Random Monkeys
"Repeated experiments have shown those random monkeys outperform most fund mangers."
Repeated experience have also shown that random monkeys can outperform most "tech" pundits when it comes the future of the industry.
You'll notice that some of the companies in your list are highly diversified and operate in mature markets, while others are narrowly focused and operate in rapidly growing markets.
If you primarily sell PC operation systems and office packages, then your room for growing sales of those products is limited. If you are primarily in e-commerce and "cloud", then rapid growth comes naturally. There needn't be anything extraordinary about the companies in either case, they are just following the general trend for the market they are in.
As for how does a company get in on the ground floor of a growth market? Very often, it's by chance. All they need to do then is to not screw it up.
- IBM, Microsoft, Oracle - Diversified companies with slow growing products. It will be hard for any of them to come up with a major new product line to replace their existing ones and give them rapid growth. Microsoft's failures in the mobile market are particularly notable. All are trying to get on the "cloud" bandwagon, but that wagon is a looking to be a prettry crowded one.
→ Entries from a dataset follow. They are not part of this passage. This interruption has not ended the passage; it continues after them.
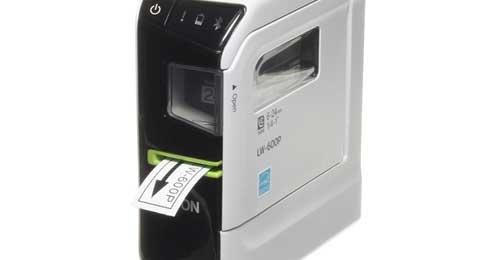 Epson LW-600P Bluetooth Label Printer Review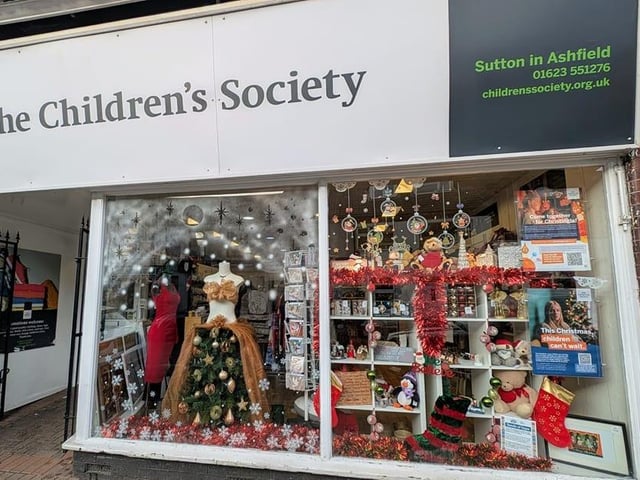 The Children's Society Shop on Outram Street in Sutton has a 4.4 rating on Google reviews.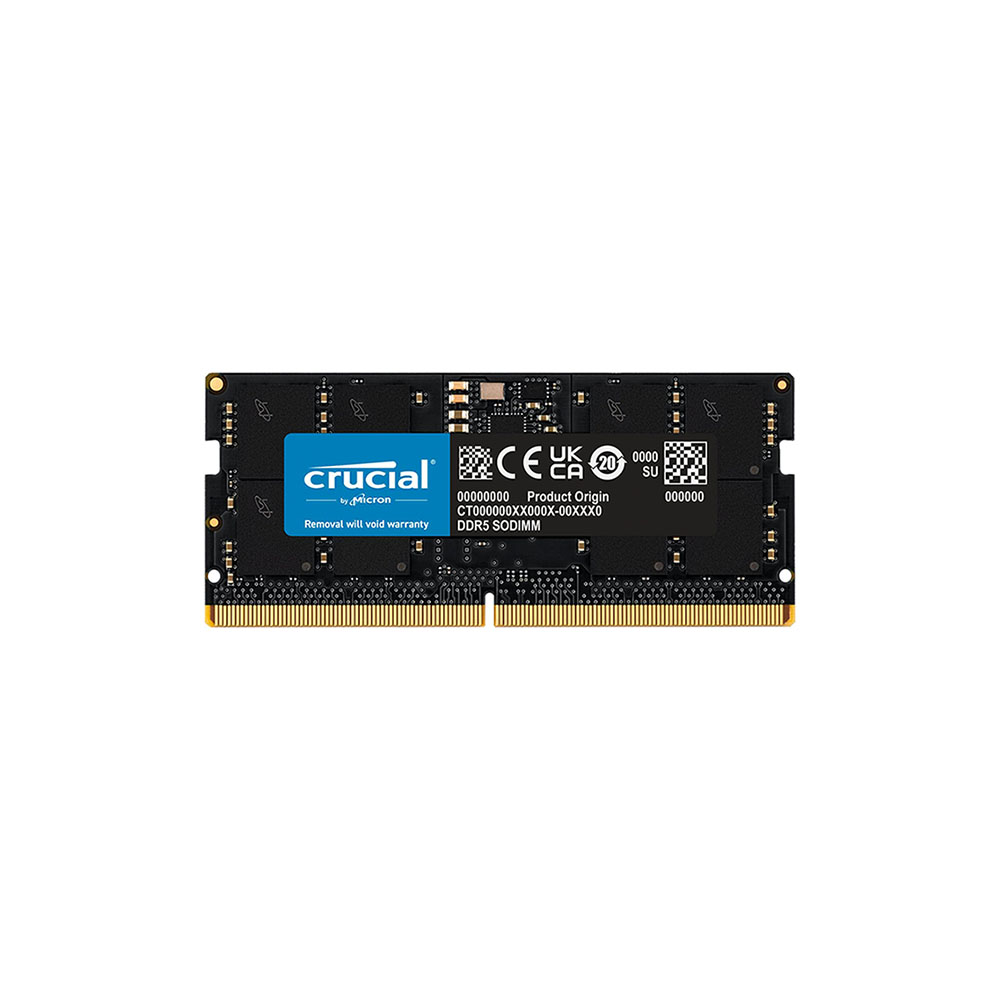 Crucial 16Gb SO-DIMM DDR5 4800MHz 1.1V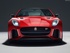 יגואר F-TYPE 2013 - 2017 קופה  -  אדום  - חזית קדמית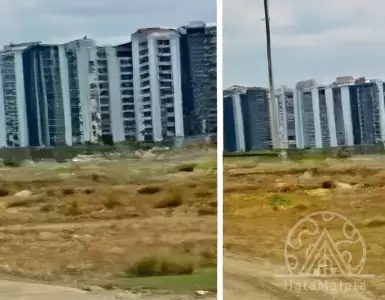 Intense development on stolen land in Turkish Cyprus (PHOTO)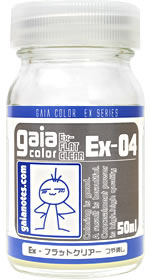 Gaia Color #EX-04 Flat Clear - Click Image to Close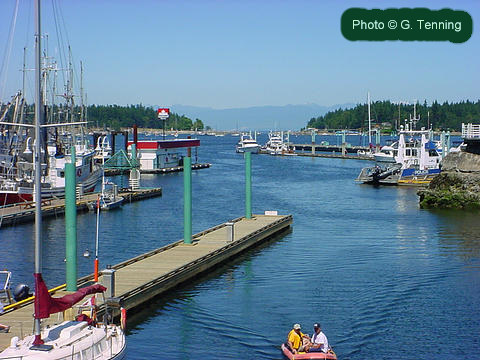 Nanaimo Inner Harbour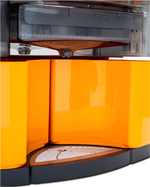 Thumbnail 2 for Zumex 04810 Essential Automatic Feed Citrus Juicer — 27 Fruits / Minute, Orange Color, Original System® squeezing system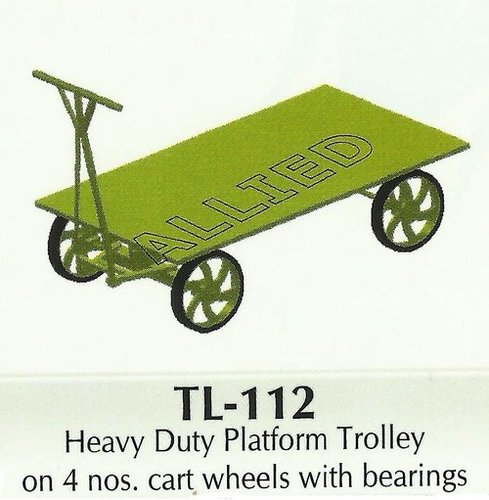 Heavy Duty Platform Trolley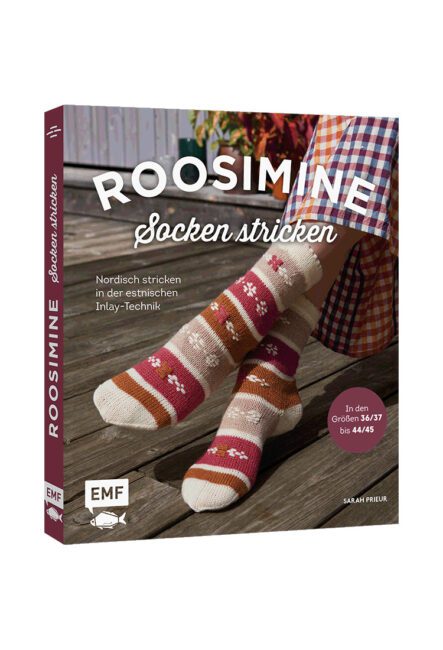Knit Roosimine sock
- SAP - I can't explain that one.
- VMWare - They've been focused on one of the hottest markets in IT - virtualization. There is also some financial engineering going on with respect to their share ownership.
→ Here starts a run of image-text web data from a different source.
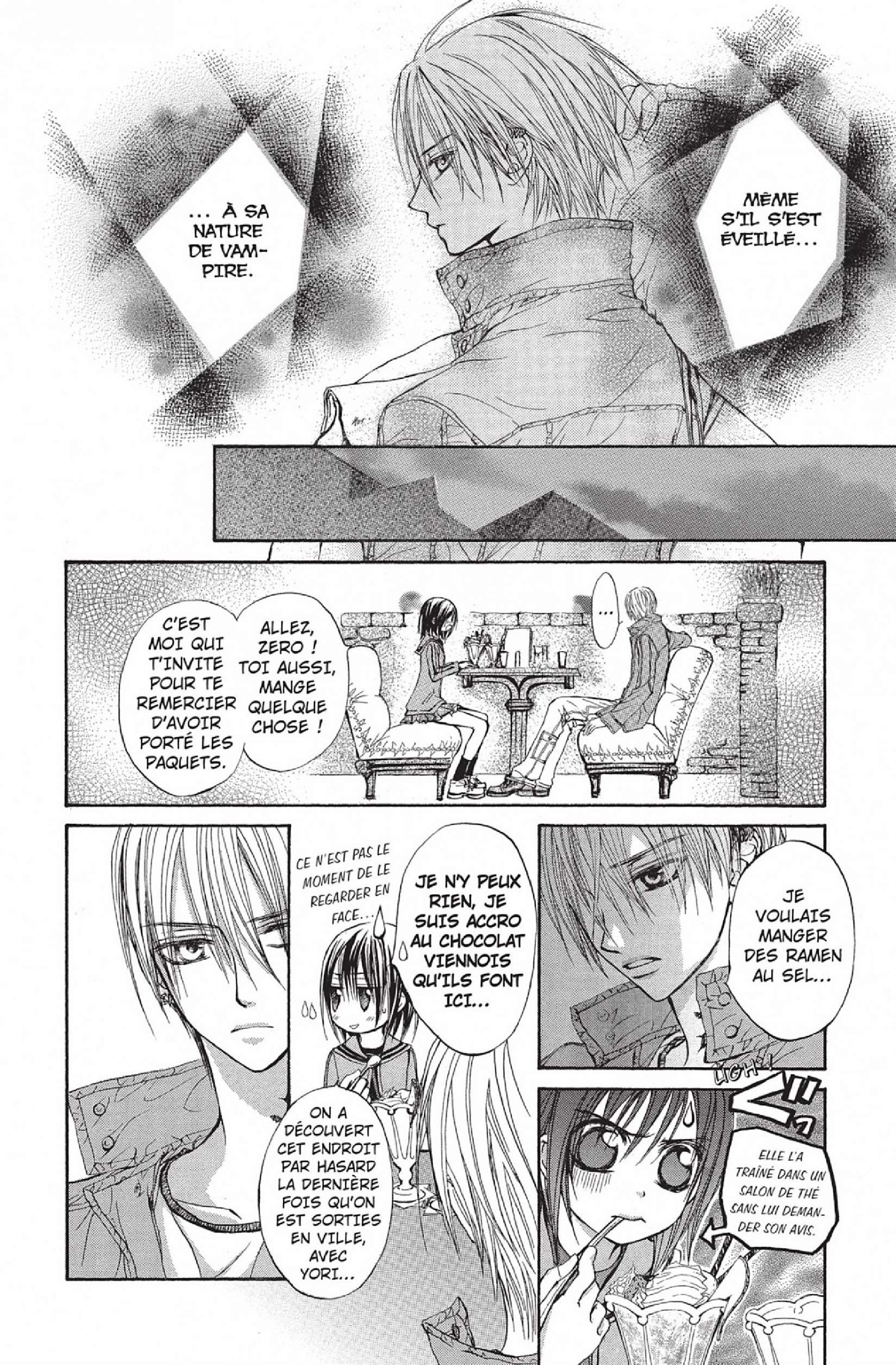 Read Vampire Knight vf Manga Online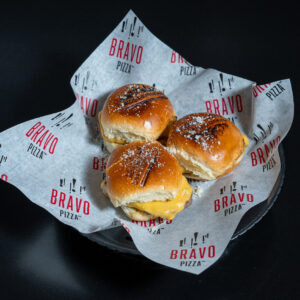 Cheese Burger Sliders (3)
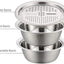 3 - in - 1 Strainer Basket - Zambeel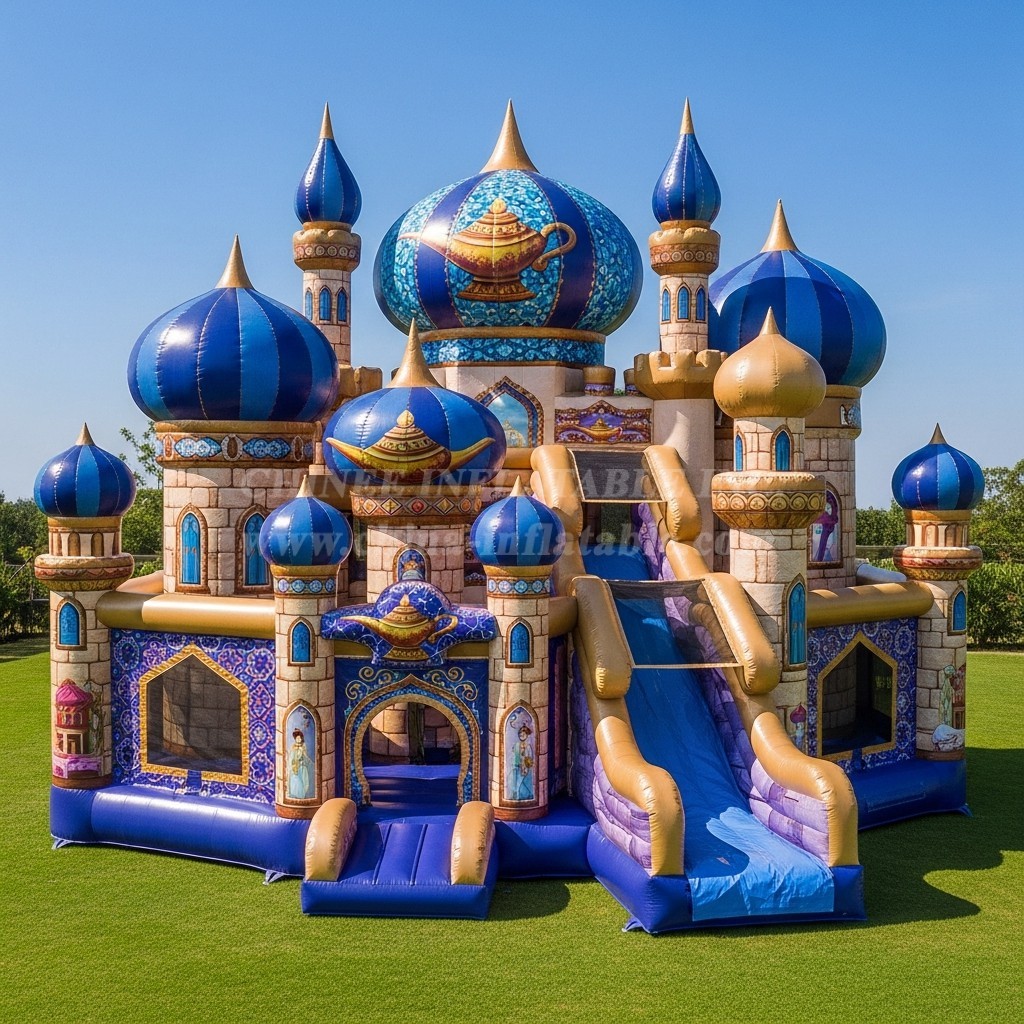 T5-2218 Aladdin Theme Inflatable Castles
- Google - They're big in the rapidly growing web services and mobile markets. They have a history of producing a lot of failures, but they also have a history of ruthlessly cutting failed projects and piling effort into successful ones. In other words, they throw darts at a dart board, but the markets they focus on are ones which let those darts pay off very well and very quickly when they hit something.
- Amazon - E-commerce is a hot market. They're dominant in cloud infrastructure, but I'm not convinced that's a big factor.
- Salesforce - Somebody, one of the big but stodgy vendors, will buy them out at a good premium.